Abidjan, 17 avr 2026 (AIP)- L’Autorité de radioprotection, de sûreté et de sécurité nucléaires (ARSN) a tiré la sonnette d’alarme, jeudi 16 avril 2026, face à une recrudescence discrète mais réelle des usages du nucléaire civil en Côte d’Ivoire, révélant que 32 installations ont été suspendues l’année dernière pour non-conformité.
L’ARSN a déroulé sa feuille de route pour une institution qu’elle veut forte, lors d’un déjeuner de presse à Abidjan. L’objectif, a assuré son directeur général, Pr Georges Alain Monnehan, est de rassurer, affirmer son autorité et rappeler que même sans centrale nucléaire, la Côte d’Ivoire évolue dans un environnement où le risque radiologique est bien présent.
« La transition technologique et énergétique exige une régulation rigoureuse, transparente, tournée vers l’avenir », a souligné Pr Monnehan, face à la multiplication des usages du nucléaire civil dans les secteurs de la médecine, de l’industrie, des mines ou de l’agriculture.

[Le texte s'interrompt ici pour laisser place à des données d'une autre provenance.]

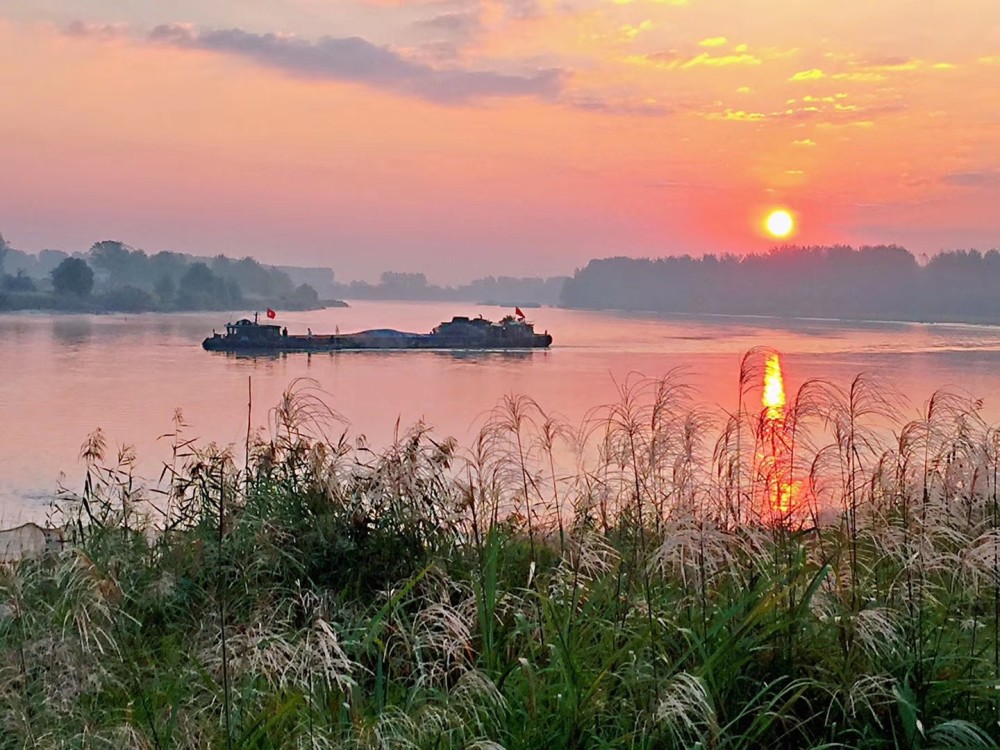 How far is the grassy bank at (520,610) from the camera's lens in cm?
290

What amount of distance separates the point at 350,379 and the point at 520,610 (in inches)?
1083

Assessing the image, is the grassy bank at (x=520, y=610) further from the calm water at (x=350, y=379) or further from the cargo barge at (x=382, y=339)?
A: the cargo barge at (x=382, y=339)

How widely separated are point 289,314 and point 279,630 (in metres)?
109

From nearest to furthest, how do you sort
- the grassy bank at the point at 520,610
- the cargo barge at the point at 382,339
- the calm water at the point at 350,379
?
the grassy bank at the point at 520,610, the calm water at the point at 350,379, the cargo barge at the point at 382,339

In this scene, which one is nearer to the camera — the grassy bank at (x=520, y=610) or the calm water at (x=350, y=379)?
the grassy bank at (x=520, y=610)

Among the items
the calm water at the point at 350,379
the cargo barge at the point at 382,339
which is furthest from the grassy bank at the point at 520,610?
the cargo barge at the point at 382,339

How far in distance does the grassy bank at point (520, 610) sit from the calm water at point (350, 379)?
134 cm

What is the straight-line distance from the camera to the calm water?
16172 millimetres

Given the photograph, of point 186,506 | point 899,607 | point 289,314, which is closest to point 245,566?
point 186,506

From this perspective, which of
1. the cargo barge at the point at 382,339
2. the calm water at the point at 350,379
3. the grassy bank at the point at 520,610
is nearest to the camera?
the grassy bank at the point at 520,610

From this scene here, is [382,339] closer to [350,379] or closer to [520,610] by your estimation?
[350,379]

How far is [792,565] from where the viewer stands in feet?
12.2

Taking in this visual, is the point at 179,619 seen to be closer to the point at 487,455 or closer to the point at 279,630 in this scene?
the point at 279,630

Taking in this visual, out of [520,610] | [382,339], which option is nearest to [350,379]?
[382,339] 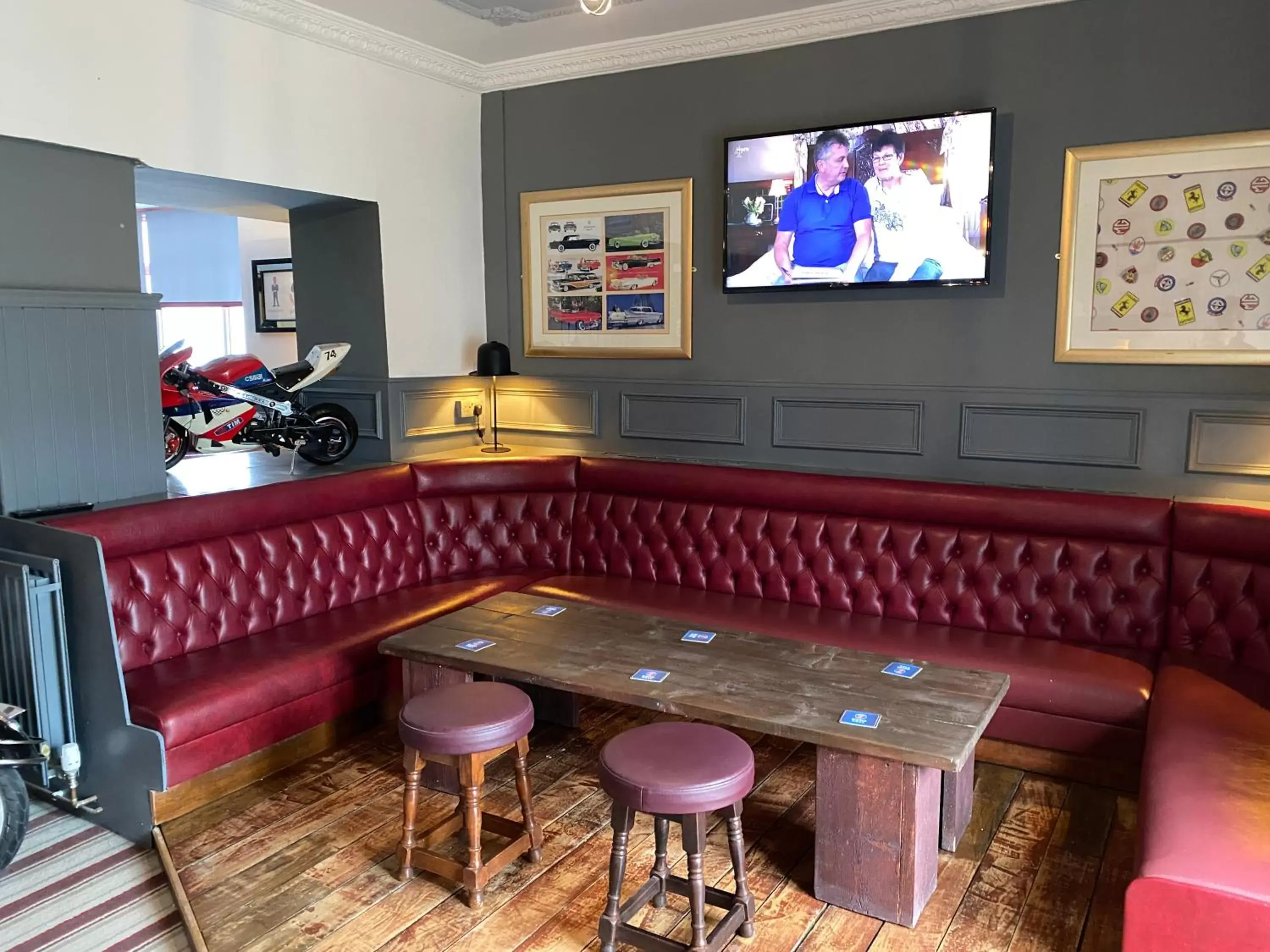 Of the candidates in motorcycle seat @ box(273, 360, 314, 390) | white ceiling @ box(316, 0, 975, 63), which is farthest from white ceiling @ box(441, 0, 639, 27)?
motorcycle seat @ box(273, 360, 314, 390)

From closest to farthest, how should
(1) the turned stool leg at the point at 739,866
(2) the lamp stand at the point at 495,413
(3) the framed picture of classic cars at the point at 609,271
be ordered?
(1) the turned stool leg at the point at 739,866 < (3) the framed picture of classic cars at the point at 609,271 < (2) the lamp stand at the point at 495,413

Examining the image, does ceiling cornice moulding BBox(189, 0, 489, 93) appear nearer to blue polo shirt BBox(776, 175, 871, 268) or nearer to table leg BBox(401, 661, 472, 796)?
blue polo shirt BBox(776, 175, 871, 268)

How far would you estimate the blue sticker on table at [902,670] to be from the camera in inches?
109

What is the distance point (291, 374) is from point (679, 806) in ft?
10.8

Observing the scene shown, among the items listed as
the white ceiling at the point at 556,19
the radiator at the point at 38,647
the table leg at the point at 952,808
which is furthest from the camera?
the white ceiling at the point at 556,19

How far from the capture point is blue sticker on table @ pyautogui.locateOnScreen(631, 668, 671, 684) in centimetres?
271

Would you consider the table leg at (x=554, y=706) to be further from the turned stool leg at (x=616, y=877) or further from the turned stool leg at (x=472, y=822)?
the turned stool leg at (x=616, y=877)

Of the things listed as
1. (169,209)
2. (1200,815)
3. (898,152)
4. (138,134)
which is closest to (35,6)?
(138,134)

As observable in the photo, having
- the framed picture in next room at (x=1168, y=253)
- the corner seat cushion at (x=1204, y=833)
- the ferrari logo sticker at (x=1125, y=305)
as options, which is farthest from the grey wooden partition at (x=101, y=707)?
the ferrari logo sticker at (x=1125, y=305)

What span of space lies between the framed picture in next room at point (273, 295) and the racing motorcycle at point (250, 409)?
3.65 meters

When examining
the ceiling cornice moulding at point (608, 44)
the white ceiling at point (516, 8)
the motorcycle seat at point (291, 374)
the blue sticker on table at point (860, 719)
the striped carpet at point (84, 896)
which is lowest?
the striped carpet at point (84, 896)

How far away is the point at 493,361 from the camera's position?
4.95m

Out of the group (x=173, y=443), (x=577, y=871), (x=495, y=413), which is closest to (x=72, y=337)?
(x=173, y=443)

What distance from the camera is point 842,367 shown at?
431cm
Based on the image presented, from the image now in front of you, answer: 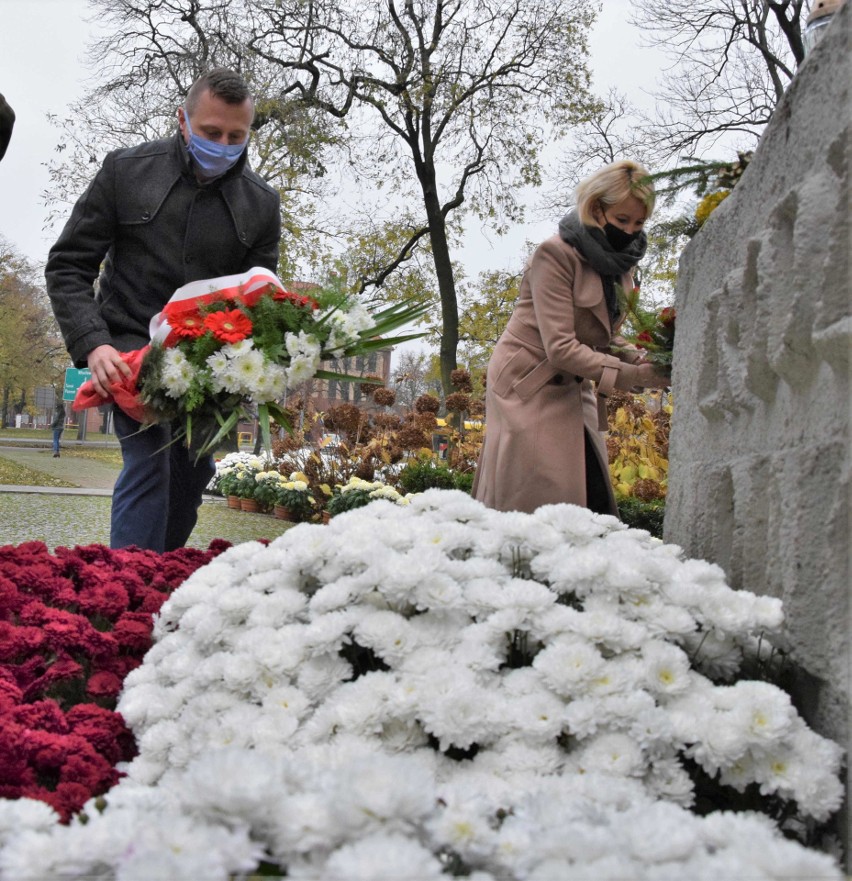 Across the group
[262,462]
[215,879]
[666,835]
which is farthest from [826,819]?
[262,462]

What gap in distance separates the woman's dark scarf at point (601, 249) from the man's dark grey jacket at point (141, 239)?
3.78ft

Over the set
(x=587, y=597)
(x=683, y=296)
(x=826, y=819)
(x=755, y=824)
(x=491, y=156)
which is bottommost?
(x=826, y=819)

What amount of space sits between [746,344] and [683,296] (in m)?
1.01

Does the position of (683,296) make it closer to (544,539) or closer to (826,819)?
(544,539)

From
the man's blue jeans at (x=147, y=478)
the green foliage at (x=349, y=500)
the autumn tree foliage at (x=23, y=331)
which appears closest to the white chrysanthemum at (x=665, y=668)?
the man's blue jeans at (x=147, y=478)

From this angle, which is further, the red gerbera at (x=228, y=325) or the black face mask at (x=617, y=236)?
the black face mask at (x=617, y=236)

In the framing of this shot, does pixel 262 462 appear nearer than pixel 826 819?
No

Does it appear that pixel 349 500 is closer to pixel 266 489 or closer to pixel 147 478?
pixel 266 489

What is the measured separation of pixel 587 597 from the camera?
1660 mm

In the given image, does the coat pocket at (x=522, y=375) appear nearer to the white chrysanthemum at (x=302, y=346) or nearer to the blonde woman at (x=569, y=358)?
the blonde woman at (x=569, y=358)

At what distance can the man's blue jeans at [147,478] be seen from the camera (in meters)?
3.12

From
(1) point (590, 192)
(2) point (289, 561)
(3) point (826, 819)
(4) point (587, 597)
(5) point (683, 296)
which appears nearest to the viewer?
(3) point (826, 819)

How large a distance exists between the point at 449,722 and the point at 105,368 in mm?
2050

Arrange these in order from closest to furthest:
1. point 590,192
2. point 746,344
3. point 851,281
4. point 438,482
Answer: point 851,281 < point 746,344 < point 590,192 < point 438,482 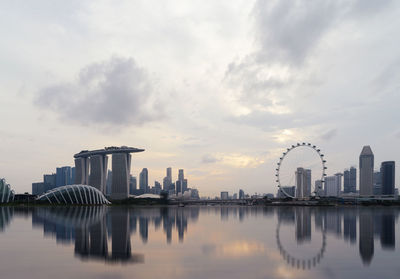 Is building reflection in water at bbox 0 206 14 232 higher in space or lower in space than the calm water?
lower

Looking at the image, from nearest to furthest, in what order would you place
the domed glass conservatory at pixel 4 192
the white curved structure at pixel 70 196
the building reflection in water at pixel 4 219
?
the building reflection in water at pixel 4 219, the white curved structure at pixel 70 196, the domed glass conservatory at pixel 4 192

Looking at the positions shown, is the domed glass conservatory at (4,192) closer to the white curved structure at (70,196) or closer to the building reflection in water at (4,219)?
the white curved structure at (70,196)

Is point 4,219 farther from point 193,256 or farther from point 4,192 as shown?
point 4,192

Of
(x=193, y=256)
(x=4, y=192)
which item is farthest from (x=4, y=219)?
(x=4, y=192)

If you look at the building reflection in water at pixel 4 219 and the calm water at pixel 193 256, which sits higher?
the calm water at pixel 193 256

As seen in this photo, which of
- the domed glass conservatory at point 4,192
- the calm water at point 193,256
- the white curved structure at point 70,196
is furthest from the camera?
the domed glass conservatory at point 4,192

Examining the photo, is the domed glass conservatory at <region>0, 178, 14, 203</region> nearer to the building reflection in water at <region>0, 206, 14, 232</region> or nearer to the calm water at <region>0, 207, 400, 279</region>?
the building reflection in water at <region>0, 206, 14, 232</region>

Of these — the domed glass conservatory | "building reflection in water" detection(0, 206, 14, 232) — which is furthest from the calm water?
the domed glass conservatory

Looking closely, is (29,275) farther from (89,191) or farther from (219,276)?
(89,191)

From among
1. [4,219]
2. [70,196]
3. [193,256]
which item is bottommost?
[70,196]

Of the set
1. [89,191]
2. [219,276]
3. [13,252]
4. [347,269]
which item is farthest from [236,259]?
[89,191]

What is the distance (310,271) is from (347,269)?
2.83 metres

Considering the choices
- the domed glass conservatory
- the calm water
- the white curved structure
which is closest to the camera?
the calm water

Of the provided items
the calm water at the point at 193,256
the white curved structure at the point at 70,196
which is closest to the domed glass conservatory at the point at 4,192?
the white curved structure at the point at 70,196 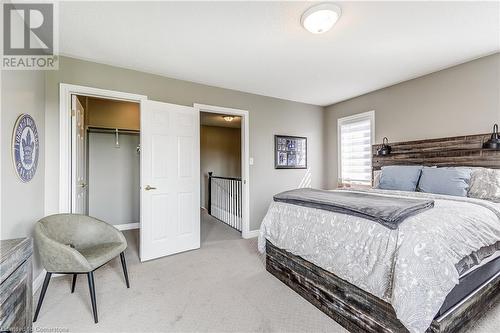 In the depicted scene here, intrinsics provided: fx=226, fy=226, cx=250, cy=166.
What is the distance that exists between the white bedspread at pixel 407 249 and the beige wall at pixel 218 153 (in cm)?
461

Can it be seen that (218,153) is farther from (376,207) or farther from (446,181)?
(376,207)

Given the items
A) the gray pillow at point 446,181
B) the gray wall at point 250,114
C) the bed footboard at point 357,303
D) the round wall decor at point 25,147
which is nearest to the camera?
the bed footboard at point 357,303

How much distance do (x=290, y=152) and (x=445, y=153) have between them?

Les chiffres de 2025 témoignent d’une activité soutenue avec 294 inspections réalisées (dont 35 réactives), 529 évaluations et 406 jugées conformes. Au total, 32 installations ont été suspendues pour non-conformité, un signal d’alerte fort dans un pays où les contrôles ont longtemps été jugés insuffisants.
L’année a également été marquée par un incident radiologique enregistré, sans dépassement des normes, rappelant que le risque zéro n’existe pas. Face à ce constat, l’ARSN a passé une commande d’équipements de 180 millions de FCFA pour renforcer son efficacité sur le terrain.
Avec 308 autorisations délivrées et 738 personnes sous surveillance dosimétrique en 2025, l’institution affiche une activité tangible. Mais l’ampleur des défis interroge sa capacité à couvrir l’ensemble des risques de manière optimale, dans un pays où les priorités économiques peuvent parfois reléguer la sûreté au second plan.
« La communication est au cœur de notre action », a assuré le directeur général appelant les médias à jouer un rôle clé comme, « partenaires de confiance ». Reste que, sans transparence totale, la confiance demeure fragile. En matière nucléaire, une certitude s’impose, l’erreur ne se mesure jamais en mots, mais toujours en conséquence.